Komesha is one of the 20 Districts of Ethiopia, or woredas, in the Benishangul-Gumuz Region of Ethiopia. Part of the Asosa Zone, it is bordered by the Asosa on the south, Kurmuk on the northwest and Menge on the east. The largest settlement in this woreda is Komesha. Sherkole refugee camp housing 9,526 displaced people from Sudan and South Sudan, is also located in Komesha.

==Demographics==
The 2007 national census reported a total population for this woreda of 21,744, of whom 11,219 were men and 10,525 were women; 875 or 4.02% of its population were urban dwellers. The majority of the inhabitants said they were Moslem, with 69.28% of the population reporting they observed this belief, while 19.03% of the population were Protestant, 7.03% were Catholic, and 4.39% practised Ethiopian Orthodox Christianity.

Based on figures from the CSA in 2005, this woreda has an estimated total population of 12,948, of whom 6,613 are men and 6,335 are women. With an estimated area of 645.78 square kilometers, Komesha has a population density of 20.1 people per square kilometer which is greater than the Zone average of 19.95.

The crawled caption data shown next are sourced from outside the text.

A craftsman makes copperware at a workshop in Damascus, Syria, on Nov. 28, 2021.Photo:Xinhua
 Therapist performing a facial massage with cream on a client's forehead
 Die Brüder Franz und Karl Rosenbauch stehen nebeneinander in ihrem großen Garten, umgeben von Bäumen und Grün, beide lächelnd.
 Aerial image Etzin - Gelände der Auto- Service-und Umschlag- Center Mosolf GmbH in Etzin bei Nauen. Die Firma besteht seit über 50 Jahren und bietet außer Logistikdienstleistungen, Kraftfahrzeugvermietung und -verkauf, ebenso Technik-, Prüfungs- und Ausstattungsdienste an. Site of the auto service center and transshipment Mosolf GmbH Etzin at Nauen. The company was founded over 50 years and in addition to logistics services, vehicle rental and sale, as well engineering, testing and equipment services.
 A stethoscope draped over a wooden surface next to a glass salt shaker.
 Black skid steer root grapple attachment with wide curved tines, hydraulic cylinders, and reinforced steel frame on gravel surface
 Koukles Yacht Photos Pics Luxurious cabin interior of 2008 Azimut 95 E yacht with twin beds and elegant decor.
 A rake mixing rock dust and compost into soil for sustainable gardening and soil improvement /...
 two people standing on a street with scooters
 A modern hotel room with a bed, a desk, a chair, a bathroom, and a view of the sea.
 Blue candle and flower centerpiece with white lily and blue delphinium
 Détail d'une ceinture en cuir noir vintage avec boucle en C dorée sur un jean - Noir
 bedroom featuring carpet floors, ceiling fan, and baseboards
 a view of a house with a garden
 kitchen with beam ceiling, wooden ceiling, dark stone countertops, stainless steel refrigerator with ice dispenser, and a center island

The 1994 national census reported a total population for this woreda of 9,762 in 2,261 households, of whom 5,008 were men and 4,754 were women; no urban dwellers were recorded. The largest ethnic group reported in Komesha was the Berta with 99.5% of the population; an equal share spoke Berta (99.5%), and 99.5% of the population said they were Muslim. Concerning education, 15.97% of the population were considered literate, which is less than the Zone average of 18.49%; 14.29% of children aged 7–12 were in primary school; 1.01% of the children aged 13–14 were in junior secondary school; and a negligible number of the inhabitants aged 15–18 were in senior secondary school. Concerning sanitary conditions, 2.8% of all houses had access to safe drinking water, and 16.8% had toilet facilities at the time of the census.